A promising start squandered by poor writing and execution
The plasticity in the characters, along with the ostentatious display of the ‘IT employee lifestyle’, didn’t look too bad as long as the scare scenes were working. However, when the film decides to bring a good spirit and an evil spirit, the screenplay goes into a tailspin, and there is no recovery from then on. Films revolving around a benevolent spirit usually try to make us connect with said spirit through a heart-tugging backstory and make us hate the evil spirits by showing the extent of their malevolence. Despite complaints of being loud and gaudy, some of the Kanchana and Aranmanai films worked because the good spirit’s flashback is poignant, the injustice meted out to that person is intolerable, and vengeance is justified. None of that could be said about 7/G. The murder of the person who ends up becoming the benevolent spirit, happens undramatically and in a hurry, only to rush to the present.
The antagonist is poorly written and the actor seems to be miscast as well. Not a single character is worth remembering. All that would have been forgiven if they had delivered on the scare scenes. Also, the writers could have added more effort into writing the male characters, instead of just making them all lewd. This is done only to conveniently move from one scene to another in pursuit of carnality, which ends up serving as an excuse for unwanted sexually charged scenes. While the flashback already failed to evoke empathy we stop empathising with director Haroon for his problematic writing choices in the second half. Another glaring problem is the dialogue writing. With an excessive artificiality, the lines do not come off like they are spoken by real people, the issue is further aggravated by the fact that the lines are delivered by one-dimensional characters. It looks as though the director has decided that these actors cannot express anything without words, so he makes them express everything explicitly, with painfully obvious dialogues. For example, a character wakes up from a nightmare and says, “Oh, it’s just a dream,” as if we didn’t get that.
The first thing that goes wrong in any horror film is logic, and 7/G is no different. A guruji, who was introduced as an expert in black magic, whose spell causes too much chaos in the first half, is reduced to a comic prop in the pre-climax scene, which both drains the intensity the scene requires and lets the effective first-half build-up, go down the drain.

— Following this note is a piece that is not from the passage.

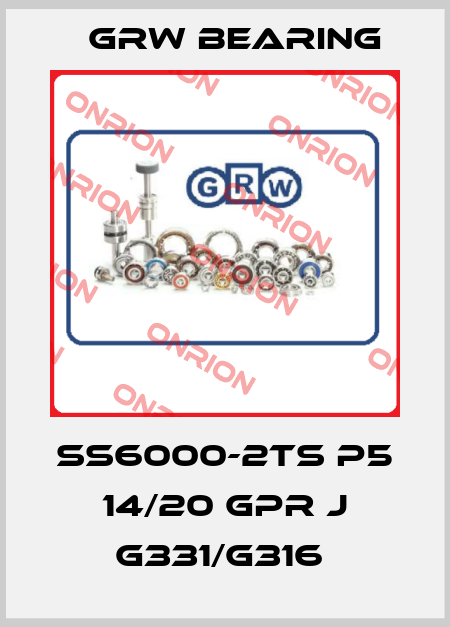  SS6000-2TS P5 14/20 GPR J G331/G316  GRW Bearing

7/G is a horror film that definitely has its moments and offers ample spooks in the first half. In a welcome move, the male characters in the film take the backseat while the women take over the ghost-hunting vocation. However, all the positives are quickly undone by shoddy execution and a lacklustre second half. More than feeling disappointed with this underwhelming fare, we are left frustrated by the fact that the film squanders the promise it had in the beginning. 7/G might have worked better if there wasn’t a good spirit and the family fought against the evil spirit on their own. The screenplay could have benefitted from brevity and simplicity.